Conventional generating units use a generator in the form of a synchronous machine. Here, the electrical power is provided by the fixed generator part (stator). The shaft train driving the generator is identical to the shaft train of the drive, which is constructed in the form of a turbine, for example. The shaft train is in the generator part of a rotor with a rotor winding, which generates a magnetic excitation field, which rotates uniformly with the rotor and therefore with the speed of the drive. A rotary field magnetomotive force, which is stationary with respect to the rotating rotor, is thus produced in the generator, i.e. the rotary field magnetomotive force rotates at the same speed as the drive and the rotor. As the abovementioned shaft train (of the drive and of the rotor) rotates at network frequency in the case of a two-pole synchronous machine, for example, or at a fraction of the network frequency in the case of synchronous machines with a higher number of poles, the rotary field magnetomotive force is produced with a rotary field frequency of the same magnitude as the network frequency. That is to say, network-frequency alternating current is induced in the stator. However, because of this process, the speed of the shaft train is permanently coupled to the network frequency. This significantly restricts flexibility in the design of the torque-producing components—therefore of the drive, e.g. in the form of a gas, steam or water turbine or a piston engine or other drive unit.
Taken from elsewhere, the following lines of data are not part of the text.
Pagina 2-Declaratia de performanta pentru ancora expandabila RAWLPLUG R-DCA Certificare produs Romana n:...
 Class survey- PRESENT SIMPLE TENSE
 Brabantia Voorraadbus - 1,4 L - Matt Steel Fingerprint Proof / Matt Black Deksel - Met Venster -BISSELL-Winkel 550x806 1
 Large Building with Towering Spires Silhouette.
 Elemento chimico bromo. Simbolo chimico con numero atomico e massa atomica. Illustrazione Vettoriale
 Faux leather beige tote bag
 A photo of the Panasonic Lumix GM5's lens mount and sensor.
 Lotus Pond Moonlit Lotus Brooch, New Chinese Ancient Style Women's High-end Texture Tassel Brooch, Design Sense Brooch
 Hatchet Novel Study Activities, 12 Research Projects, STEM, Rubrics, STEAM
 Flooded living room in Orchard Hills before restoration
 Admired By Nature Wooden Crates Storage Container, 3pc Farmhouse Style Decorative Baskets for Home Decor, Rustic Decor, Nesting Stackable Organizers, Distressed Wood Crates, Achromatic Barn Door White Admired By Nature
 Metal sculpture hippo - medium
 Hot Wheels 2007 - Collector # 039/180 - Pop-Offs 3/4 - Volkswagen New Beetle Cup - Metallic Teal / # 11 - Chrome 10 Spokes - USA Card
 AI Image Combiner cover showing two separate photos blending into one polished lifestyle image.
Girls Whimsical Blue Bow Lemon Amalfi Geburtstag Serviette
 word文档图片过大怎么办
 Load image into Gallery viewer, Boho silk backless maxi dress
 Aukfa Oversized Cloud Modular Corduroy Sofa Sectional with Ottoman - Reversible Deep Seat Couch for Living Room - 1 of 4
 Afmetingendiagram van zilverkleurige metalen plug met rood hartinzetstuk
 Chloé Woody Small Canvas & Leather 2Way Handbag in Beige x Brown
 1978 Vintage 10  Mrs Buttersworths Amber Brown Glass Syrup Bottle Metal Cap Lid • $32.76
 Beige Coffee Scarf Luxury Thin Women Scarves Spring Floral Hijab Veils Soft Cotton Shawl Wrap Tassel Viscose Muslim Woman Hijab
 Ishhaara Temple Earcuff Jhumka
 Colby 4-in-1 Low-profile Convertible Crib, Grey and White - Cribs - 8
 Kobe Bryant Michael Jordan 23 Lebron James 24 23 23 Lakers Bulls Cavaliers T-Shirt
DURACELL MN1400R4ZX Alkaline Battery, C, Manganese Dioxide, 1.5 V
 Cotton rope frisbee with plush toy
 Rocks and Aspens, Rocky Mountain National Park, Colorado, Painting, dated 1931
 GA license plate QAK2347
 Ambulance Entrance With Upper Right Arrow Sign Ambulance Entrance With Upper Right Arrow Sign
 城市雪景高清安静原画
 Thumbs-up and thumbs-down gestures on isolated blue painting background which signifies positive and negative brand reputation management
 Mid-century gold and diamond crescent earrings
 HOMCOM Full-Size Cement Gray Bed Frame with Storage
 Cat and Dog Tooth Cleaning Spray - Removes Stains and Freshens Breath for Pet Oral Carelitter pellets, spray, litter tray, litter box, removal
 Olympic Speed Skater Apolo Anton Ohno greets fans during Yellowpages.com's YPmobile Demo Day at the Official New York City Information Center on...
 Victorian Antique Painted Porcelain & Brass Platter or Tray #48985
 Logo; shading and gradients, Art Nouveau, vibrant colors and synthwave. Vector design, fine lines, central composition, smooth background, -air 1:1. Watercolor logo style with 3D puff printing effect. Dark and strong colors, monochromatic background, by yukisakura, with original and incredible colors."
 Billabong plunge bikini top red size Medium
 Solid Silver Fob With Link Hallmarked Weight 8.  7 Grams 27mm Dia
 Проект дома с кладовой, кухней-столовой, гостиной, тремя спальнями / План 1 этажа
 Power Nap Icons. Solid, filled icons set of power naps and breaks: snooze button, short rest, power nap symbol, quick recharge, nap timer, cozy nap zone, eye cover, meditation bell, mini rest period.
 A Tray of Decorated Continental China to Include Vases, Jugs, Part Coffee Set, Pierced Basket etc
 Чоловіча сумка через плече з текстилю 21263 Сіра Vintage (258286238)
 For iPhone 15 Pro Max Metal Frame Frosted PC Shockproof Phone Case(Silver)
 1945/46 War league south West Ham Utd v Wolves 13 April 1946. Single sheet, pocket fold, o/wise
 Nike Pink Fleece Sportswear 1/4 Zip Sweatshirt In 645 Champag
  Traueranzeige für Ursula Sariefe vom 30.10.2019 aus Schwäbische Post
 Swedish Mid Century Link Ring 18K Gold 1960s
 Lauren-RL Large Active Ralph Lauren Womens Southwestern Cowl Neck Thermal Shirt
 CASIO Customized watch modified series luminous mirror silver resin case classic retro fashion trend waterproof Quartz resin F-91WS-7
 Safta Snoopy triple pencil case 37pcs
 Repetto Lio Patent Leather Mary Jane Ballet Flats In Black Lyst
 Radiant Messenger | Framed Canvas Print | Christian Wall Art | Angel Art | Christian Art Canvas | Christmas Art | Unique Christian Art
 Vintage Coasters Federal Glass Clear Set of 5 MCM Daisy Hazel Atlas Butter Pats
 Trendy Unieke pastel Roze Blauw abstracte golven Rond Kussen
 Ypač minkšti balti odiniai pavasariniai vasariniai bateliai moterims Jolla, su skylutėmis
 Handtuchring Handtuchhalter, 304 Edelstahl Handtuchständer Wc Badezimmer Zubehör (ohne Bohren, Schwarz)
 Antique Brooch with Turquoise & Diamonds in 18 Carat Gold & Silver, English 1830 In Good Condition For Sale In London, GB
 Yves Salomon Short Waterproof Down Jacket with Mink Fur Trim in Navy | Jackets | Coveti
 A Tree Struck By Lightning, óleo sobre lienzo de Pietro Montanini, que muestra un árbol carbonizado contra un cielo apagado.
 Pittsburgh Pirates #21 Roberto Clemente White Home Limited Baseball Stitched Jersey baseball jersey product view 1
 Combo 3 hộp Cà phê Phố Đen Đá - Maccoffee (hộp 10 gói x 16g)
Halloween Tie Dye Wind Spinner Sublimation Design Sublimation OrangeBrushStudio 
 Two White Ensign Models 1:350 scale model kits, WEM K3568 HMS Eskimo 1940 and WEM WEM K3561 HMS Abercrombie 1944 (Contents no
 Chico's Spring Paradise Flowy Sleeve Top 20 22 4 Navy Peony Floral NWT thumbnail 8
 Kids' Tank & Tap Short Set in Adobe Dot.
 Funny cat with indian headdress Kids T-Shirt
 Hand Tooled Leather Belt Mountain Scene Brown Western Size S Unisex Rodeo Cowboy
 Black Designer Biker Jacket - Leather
To avoid this disadvantage, in the case of small generator powers, it has previously been possible to connect gearboxes between the drive and the generator. Other solutions provide for the whole outgoing power of the generator to be matched to the network frequency by electronic conversion by means of a network frequency converter. However, neither approach is suitable for high output powers. Gearbox solutions are conceivable up to powers of about 80 MW. Conversion of the full power of a generator has been realized up to about 25 MW depending on speed.
A further possibility consists in designing a generator working as a synchronous machine for an output frequency, which deviates from the required network frequency. In order to bring the output frequency to the network frequency, an electric motor, which rotates at network frequency or a fraction thereof, is operated directly by the generator and is driven by the generator in synchronous mode. For its part, the motor supplies network frequency. This procedure is capital-intensive and prone to losses, however, so that only unsatisfactory efficiencies can be achieved.
In summary, therefore, with high generator powers, the drive must necessarily rotate at network frequency or a fraction thereof, which constitutes an undesirable constraint when producing current by means of a generating unit.
It would be desirable to achieve a decoupling of drive and generator even at any predetermined network frequency.